Die Autorin hat das Fortbildungsprogramm Buch- und Medienpraxis an der Goethe-Universität Frankfurt besucht. Die FR kooperiert mit der Buch- und Medienpraxis. Der Beitrag ist in einem Journalismus-Kurs entstanden, den FR-Redakteur Florian Leclerc leitet. FR

Hierbei fällt auf, wie schwer es den hörenden Schauspieler:innen fällt, die Sprache abzuschalten und dem Körper die Kommunikation zu überlassen. Ein weiterer Aspekt, der nicht zu unterschätzen ist: die bilinguale Regiearbeit. „Ich arbeite mit zwei Sprachen und muss zwischen diesen beiden Sprachen dolmetschen“, stellt Krabbe fest.

Sie selbst ist bilingual aufgewachsen.

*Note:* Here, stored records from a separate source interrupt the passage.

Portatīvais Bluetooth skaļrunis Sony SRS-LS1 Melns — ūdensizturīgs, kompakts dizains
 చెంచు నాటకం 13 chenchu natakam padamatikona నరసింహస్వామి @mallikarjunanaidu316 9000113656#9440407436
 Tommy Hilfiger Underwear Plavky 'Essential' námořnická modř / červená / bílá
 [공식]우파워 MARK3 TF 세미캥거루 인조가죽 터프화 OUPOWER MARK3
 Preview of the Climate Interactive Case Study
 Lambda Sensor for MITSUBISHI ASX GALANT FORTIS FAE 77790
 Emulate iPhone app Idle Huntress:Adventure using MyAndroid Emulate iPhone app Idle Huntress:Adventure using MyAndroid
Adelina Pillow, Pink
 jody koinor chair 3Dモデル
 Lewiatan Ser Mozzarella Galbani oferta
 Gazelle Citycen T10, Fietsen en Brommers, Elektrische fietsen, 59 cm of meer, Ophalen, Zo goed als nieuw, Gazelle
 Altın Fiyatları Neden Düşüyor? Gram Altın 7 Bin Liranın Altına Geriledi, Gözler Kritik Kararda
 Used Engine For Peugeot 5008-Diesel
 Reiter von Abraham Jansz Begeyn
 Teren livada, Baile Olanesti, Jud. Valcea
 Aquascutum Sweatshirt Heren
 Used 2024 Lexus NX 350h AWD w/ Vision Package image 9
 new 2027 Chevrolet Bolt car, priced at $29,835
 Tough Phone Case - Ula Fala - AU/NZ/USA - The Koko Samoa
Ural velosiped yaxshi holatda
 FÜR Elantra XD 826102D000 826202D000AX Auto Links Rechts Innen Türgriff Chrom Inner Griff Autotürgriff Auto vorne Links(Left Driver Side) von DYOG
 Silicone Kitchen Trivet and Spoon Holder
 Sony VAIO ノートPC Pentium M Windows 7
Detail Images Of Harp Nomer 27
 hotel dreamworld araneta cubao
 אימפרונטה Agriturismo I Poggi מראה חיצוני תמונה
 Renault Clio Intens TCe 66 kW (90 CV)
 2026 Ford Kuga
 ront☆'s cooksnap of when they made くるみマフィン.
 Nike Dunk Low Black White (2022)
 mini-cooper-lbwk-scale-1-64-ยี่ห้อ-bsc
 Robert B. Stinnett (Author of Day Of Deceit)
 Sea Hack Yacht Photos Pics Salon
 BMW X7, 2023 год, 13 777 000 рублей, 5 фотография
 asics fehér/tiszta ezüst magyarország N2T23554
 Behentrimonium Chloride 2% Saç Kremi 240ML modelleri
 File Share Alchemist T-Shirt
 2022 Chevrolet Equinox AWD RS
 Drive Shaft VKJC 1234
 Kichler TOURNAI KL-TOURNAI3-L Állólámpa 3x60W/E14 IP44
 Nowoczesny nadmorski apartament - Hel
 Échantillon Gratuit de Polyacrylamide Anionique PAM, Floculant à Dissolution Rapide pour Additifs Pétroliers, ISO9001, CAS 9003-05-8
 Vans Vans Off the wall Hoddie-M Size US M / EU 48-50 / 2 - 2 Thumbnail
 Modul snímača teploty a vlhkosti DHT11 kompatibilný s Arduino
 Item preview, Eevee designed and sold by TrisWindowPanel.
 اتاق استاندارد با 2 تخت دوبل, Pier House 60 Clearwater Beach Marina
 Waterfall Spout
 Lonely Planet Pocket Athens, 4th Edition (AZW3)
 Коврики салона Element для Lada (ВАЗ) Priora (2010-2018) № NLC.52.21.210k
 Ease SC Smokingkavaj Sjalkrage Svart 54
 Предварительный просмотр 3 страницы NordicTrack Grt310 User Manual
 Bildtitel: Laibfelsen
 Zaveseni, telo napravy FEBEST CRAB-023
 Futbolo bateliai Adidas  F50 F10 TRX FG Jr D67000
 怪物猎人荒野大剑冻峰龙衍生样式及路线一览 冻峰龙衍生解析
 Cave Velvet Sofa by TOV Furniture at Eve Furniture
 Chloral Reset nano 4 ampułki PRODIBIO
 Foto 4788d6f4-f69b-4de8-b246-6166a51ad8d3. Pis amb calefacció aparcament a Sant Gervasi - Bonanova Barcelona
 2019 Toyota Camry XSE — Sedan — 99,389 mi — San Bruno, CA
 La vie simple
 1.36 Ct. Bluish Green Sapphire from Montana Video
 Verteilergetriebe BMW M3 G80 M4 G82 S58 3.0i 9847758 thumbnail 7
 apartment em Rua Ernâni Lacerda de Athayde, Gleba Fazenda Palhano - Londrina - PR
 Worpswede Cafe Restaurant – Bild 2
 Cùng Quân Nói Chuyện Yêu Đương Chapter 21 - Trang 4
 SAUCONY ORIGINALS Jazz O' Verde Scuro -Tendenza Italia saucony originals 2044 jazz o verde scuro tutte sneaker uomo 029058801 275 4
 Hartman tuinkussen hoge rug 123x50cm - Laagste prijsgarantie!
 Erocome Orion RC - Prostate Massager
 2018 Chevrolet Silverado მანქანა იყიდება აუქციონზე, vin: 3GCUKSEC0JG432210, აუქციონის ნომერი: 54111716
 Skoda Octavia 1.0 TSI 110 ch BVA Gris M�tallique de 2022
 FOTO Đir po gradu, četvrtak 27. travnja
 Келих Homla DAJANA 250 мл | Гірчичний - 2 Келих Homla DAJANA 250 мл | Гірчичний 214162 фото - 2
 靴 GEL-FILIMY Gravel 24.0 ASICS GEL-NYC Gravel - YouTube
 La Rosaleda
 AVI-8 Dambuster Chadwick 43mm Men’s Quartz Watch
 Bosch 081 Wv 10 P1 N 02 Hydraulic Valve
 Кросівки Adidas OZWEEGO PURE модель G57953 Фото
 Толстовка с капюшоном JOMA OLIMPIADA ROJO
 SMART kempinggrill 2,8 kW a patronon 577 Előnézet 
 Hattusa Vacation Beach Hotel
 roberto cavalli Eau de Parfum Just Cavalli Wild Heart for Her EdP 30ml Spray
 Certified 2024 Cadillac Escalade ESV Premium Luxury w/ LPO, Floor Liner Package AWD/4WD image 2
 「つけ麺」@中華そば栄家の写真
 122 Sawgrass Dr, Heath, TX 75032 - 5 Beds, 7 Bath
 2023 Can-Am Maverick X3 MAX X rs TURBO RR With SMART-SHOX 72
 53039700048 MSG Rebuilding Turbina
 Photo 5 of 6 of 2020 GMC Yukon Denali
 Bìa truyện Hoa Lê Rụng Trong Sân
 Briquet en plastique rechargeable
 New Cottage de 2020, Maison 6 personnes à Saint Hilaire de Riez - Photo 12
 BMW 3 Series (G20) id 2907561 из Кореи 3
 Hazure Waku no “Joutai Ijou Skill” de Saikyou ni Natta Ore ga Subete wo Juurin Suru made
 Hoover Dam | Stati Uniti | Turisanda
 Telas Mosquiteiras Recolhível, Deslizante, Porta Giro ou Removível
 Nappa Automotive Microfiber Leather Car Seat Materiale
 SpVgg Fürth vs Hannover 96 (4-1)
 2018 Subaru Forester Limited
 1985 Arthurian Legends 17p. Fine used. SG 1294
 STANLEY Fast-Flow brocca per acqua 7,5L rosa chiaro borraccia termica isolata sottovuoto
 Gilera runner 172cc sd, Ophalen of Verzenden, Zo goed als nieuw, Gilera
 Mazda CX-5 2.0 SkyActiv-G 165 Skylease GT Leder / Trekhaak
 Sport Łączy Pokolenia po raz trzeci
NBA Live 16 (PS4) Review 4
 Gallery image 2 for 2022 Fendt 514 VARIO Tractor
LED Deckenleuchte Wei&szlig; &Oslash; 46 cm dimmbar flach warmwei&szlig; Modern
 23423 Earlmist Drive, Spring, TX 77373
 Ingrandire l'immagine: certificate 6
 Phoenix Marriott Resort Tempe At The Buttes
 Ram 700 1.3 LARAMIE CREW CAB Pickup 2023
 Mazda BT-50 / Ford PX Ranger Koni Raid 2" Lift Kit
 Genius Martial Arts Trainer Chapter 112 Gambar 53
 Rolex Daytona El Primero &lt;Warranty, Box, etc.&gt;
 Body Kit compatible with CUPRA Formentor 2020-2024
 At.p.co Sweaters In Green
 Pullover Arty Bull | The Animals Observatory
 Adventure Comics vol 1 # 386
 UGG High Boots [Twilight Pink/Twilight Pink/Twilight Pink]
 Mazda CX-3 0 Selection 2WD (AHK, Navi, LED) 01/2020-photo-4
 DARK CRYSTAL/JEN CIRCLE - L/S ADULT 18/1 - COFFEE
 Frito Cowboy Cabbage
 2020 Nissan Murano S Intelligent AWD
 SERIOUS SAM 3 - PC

Da ihre Eltern und ihre Schwester gehörlos sind, ist die Gebärdensprache ebenso ihre Muttersprache wie Deutsch. „Deswegen wollte ich auch Theater für gehörlose Kinder machen“, so Krabbe. Gerade in der Theaterwelt gebe es zu wenige Formate, die gehörlose Kinder ansprechen.

Mit glänzenden Augen berichtet die Theatermacherin über ein Herzensprojekt innerhalb der Compagnie: die Projektwochen. Hier erschaffen gehörlose und hörende Kinder gemeinsam ein Theaterstück, das nach einer Woche intensiven Probens im Theaterhaus Frankfurt in der Schützenstraße aufgeführt wird. Auch hier ist das komplette Spiel nonverbal – eine Erfahrung, die hörende Kinder hier oftmals zum ersten Mal erleben und die einen nachhaltigen Eindruck hinterlässt. „Inklusives Theater sollte unbedingt weiter gefördert werden“, betont Krabbe. „Und niemals nur ein Trend sein“, fährt sie fort und spielt dabei auf so manche Trendbewegung im kulturellen Spektrum der Inklusion an. Dabei sei es wichtig, dass die Betroffenen stets im kreativen Prozess mitmachen können. „Erst eine Kommunikation auf Augenhöhe erschafft Authentizität“, sagt Krabbe. Und das möchte die Compagnie unbedingt erreichen.

Kommendes Jahr soll ein neues Stück im Theaterhaus aufgeführt werden. Worum es sich drehen wird, ist noch nicht bekannt, doch auch diesmal wird der Fokus auf inklusiven Publikumswelten liegen. Dieses Jahr kümmert sich Daniela Krabbe vorerst um ihr neues großes Projekt: ihre kleine Tochter.